Intel (INTC) below $20 a share (at $19.95 the "yield-to-price" would be around 4.2%) would be a terrific "bond-like" investment. They have little debt and are sitting on around $11.55 billion.
If you want to take a bit more "risk", the lowered earnings guidance and "bad news" seems out-on-the-table with FedEx (FDX) which hit a 52-week low Thursday at around $64.55 per share. This stock could bounce much higher on better-than-expected results in the 4th quarter of this year.
One of the great names for both defensive and dividend yield is Clorox (CLX). This is a company that appears recession-proof and is currently yielding 3.6% It also has a 34-year track record of consecutive dividend increases.
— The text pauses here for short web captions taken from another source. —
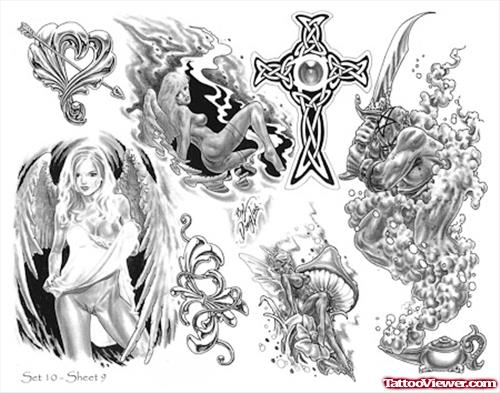 Celtic Cross And Fairy Tattoo Design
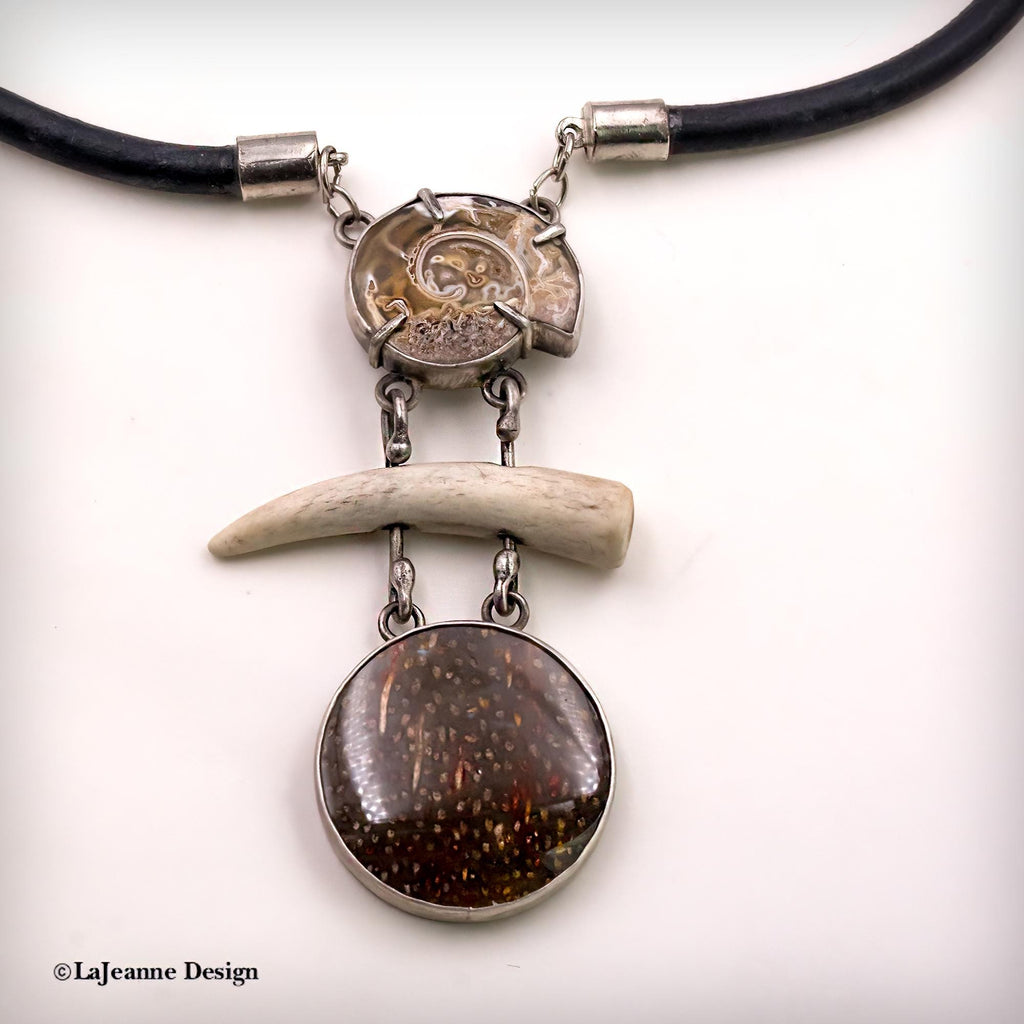 Fossilized Palm Root, Bone & Fossil Shell Necklace
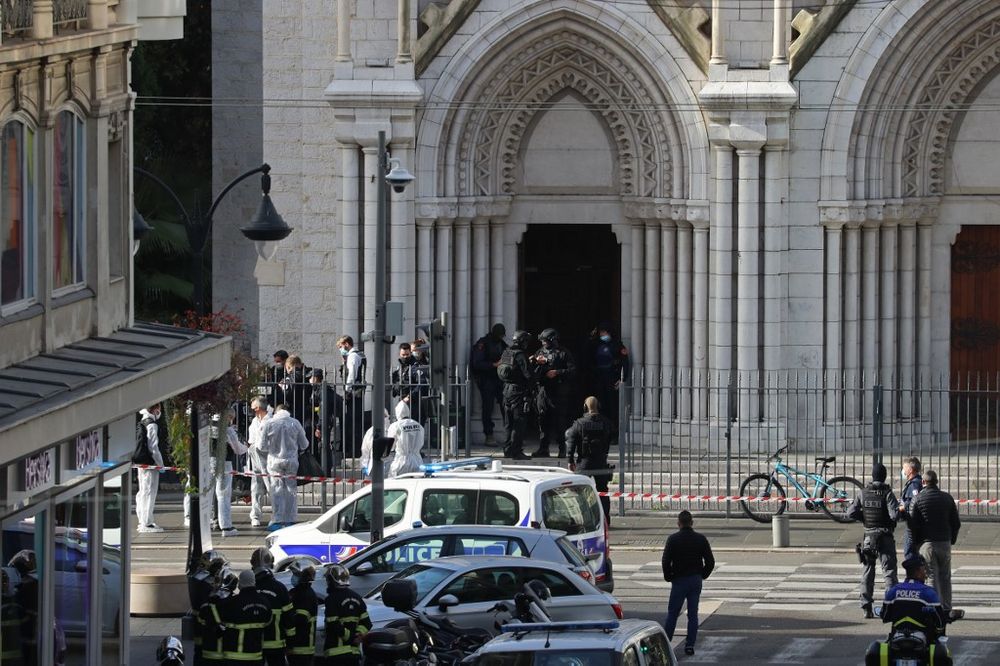 French members of the elite tactical police unit RAID enter to search the Basilica of Notre-Dame de Nice after a knife attack in Nice October 29, 2020. u00e2u20acu201d AFP pic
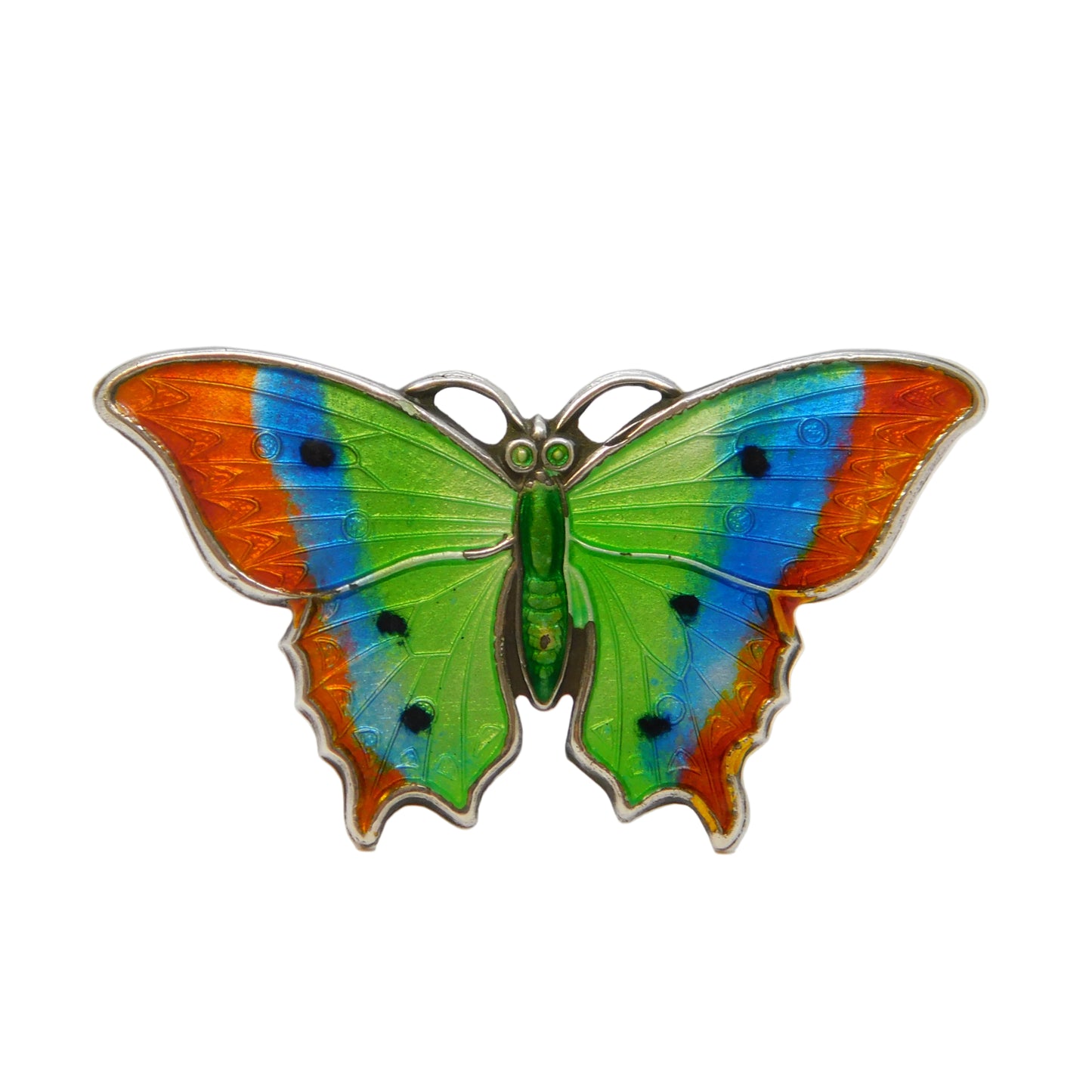 Edwardian Sterling Silver Guilloche Enamel Butterfly Sweetheart Brooch Antique c1910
A full 90% of Clorox products are either No. 1 or No. 2 in their category, and shares of Clorox trade at 16 times earnings while the company has a 10% long-term growth rate.
If a person could buy shares of CLX at around $62 their yield-to-cost would be close to 3.9%. That's pretty impressive when the yield on a 10 year Treasury is 1.71% and is taxed as ordinary income.
Other pharmaceuticals like J&J (JNJ) with a current yield of 3.5% and Pfizer (PFE) with a current yield of 4.4% are looking better and better.
Eli Lilly (LLY) is another great example of a Big Pharma stock you could be investing in.
Lilly is the world's 10th-largest pharmaceutical company and has a long history of producing major blockbuster drugs (like Cymbalta or Cialis). And Lilly's success has translated into a steady income stream for investors.
It has a 125-year history of paying its dividend and a string of 42 consecutive annual increases. Its dividend is growing at around 7.5% a year. And right now, it yields 5.2%.
Lilly's stock has taken a big hit in the last few years – down from $60 five years ago to around $36.56 today. Yet it reports that it is making nearly 50% more money today than it did back in 2007.
This means we're paying much less for the same dollar of earnings than we would have three years ago, which is something smart investors like to do.
Big Pharma stocks are among the best stocks when it comes to steadily growing their earnings, your money and paying dividends.
How About a Little "Diversification"--Gold and Silver
While gold and silver are correcting in this "everything is down but Treasury bonds" kind of atmosphere, you might want to see if you'd like to own some more.
Some leveraged ways, almost like "proxies" for owning gold and silver is to buy Royal Gold (RGLD). I would wait till it falls below $64 before buying, and Silver Wheaton (SLW)--which needs to fall to $32.32 before I buy any more.
Before Placing Orders--Look to the "August Lows"
If you're looking for a good "entry price" for one of your wish-list stocks or a solid company that you want to own shares of, go back and see the intra-day lows during the August 8 through August 12, 2011 period that we just recently experienced.
I'm not predicting that prices will fall that low nor do I ignore the fact that prices could fall even lower before this "drama-trauma" plays out. But the market-makers do often seem to repeat themselves when it comes to programming market lows.
Keep your head about you, guard your emotions, know that "this too shall pass" and by all means be thankful about what you have left. Remember that the "smart money" may eventually become big buyers without warning and drive prices higher.
Also remember that "what falls dramatically can also bounce back dramatically", and by the end of December 2011 everything could look much rosier than right now.
The news is being "spun" very negatively, and the best historical time to be a buyer is when everyone is horrified and filled with fearful dread. We're getting nearer and nearer that testing of our investor "mettle".
Disclosure: I am long ABT, INTC, FDX, PFE, RGLD, SLW. Hoping to buy some shares of CLX at $62 or lower.